Receivers in at Lilley after refinancing is blocked
LILLEY, the Glasgow-based construction company that survived and recovered from a pounds 50m loss in 1986, was last night forced to call in the receivers, finally paying the price for its subsequent diversification into property development.
Sir Lewis Robertson, the company doctor who is Lilley's chairman, and James Hann, his deputy, were critical of the chief executive who led the company to its current predicament, and of the banks that forced the company under. The collapse threatens the jobs of Lilley's 2,800 employees.
Two of Lilley's six banks, which are owed about pounds 60m, refused to support a refinancing that would have involved a pounds 12.5m injection of new equity, a debt-for-equity swap and the off-loading of its property exposure. Lilley said this rescue package was supported by Entrecanales and Cubiertas, the Spanish shareholders that own a 21.5 per cent stake, and by its three largest UK investors.
Sir Lewis blamed Bob Rankin, the chief executive he recruited in 1988. He said: 'It is unfortunate that the policies he spearheaded were pursued too long against a changing economic background.
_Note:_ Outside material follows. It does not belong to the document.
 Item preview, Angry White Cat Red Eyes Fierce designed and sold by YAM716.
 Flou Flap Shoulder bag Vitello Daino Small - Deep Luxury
'The board addressed this situation and a change of management produced a feasible way forward. I deeply regret that the requirement for unanimity among the banks has frustrated this, despite support from a broad front of investors and lenders.'
Mr Rankin left Lilley three months ago; Mr Hann, chairman of Scottish Nuclear, then became deputy chairman. Mr Hann said it was 'regrettable that after a two- month delay and a disruptive accountants' investigation, our banks are unable to reach the unanimous agreement required . . . ; regrettable too that a new management, which I understand the banks themselves pressed for, has not been allowed the time to put its restructuring proposals into effect'.
Lilley lost pounds 5m in 1991, and cancelled its last interim dividend despite returning to profit in the first half of 1992. The company has pounds 100m of work in hand compared with turnover of pounds 340m in 1991.
Lilley's problems began with its pounds 137m bid for Tilbury in 1989, which failed by the narrowest of margins but left it holding a near- 30 per cent stake that was falling in value.